This morning on Twitter, I saw that Google had decided to replace Catalan placenames with crazy, sometimes random, translations into Spanish. The hashtag #googlecat has quickly become a TT (trending topic) on Twitter as people around Catalonia are outraged that Google has decided to call Catalan places however they like.
Pretty incredible. You, dear non-Catalan reader, might think it's much ado about nothing, really, how much difference is there between "Plaça Catalunya" and "Plaza de Cataluña"? Who cares? But there are very large issues here, which I hope to address one by one.

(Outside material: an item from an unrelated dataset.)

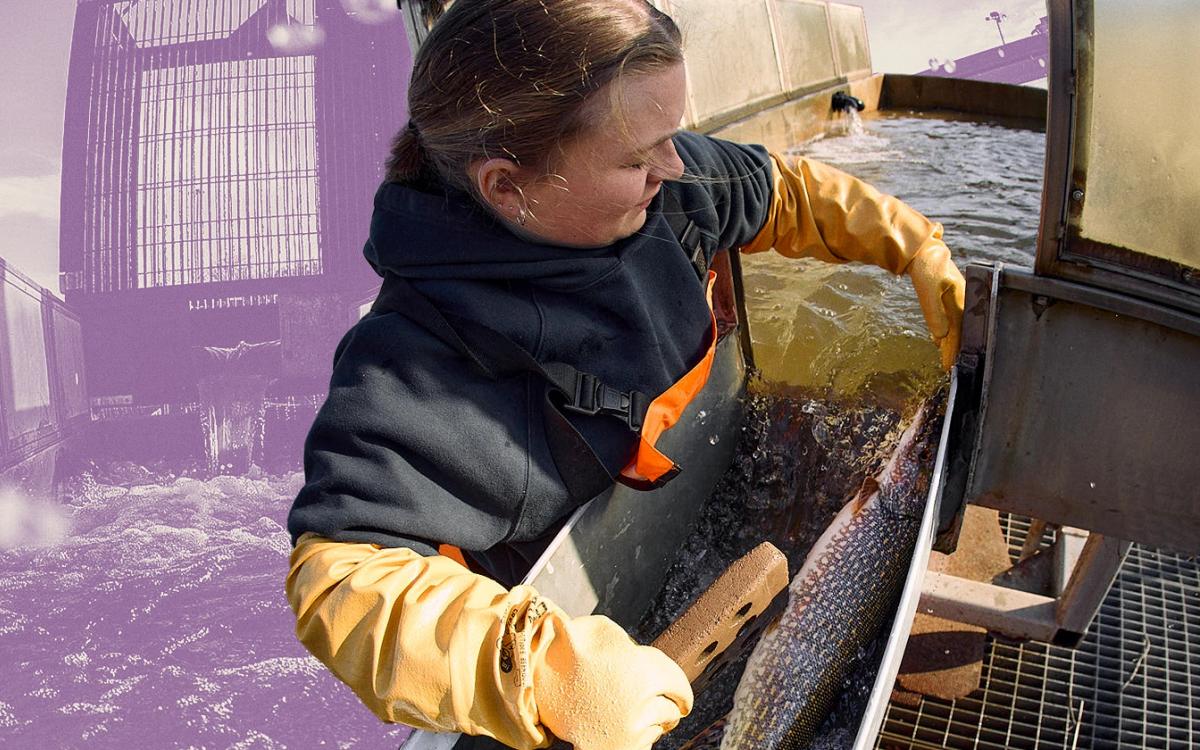 A pike and Royal Botanical Gardens worker at the Hamilton Fishways at Cootes Paradise Marsh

First, the names of streets, squares, and roads are all in Catalan in Catalonia. If you're looking for a street, the only street sign you will find will be in Catalan. Google Maps won't do a fat lot of good to you if it's giving you a translation into Spanish. For example, one of the streets near my apartment is “Carrer de Sant Domènec" (or Saint Dominic street) but Google has it labeled as "Calle de San Domingo".
(Then, there's the added weirdness that you can't actually say "San Domingo", it would be "Santo Domingo".) There are many, many other bizarre translations. Things like "Verga María" [Cock Mary] (and I don't mean roosters) for "Verge Maria" [Virgin Mary]. Or changing the name of the town, “Sant Boi de Llobregat” into "San Baudillo de Llobregat".
Think it won't matter, that Catalan and Spanish are "close enough"? Try "Calle del Oxidado" instead of "Carrer Rovellat". Or "Rambla de la Colina" instead of "Rambla del Turó". Let's just say I wouldn't rely on Google Maps to get around Catalonia any more.
Vilaweb was finally able to get a first explanation from Google Spain about the problem. “The problem has to do with a database that was supplied by a third party and the technicians are working on updating it."
Ultimately, to Catalans who are continually feeling mistreated by the Spanish government, who will not stand up for the Catalan language in Spain, the European parliament or anywhere else, it feels like a crass political move by Google. Perhaps it's just a technical error, but I just don't have that faith anymore.
Interesting that names in English have not been translated into Spanish, as in Plaça John Lennon, which turned into "Plaza John Lennon" but not "Plaza Juan Lennon".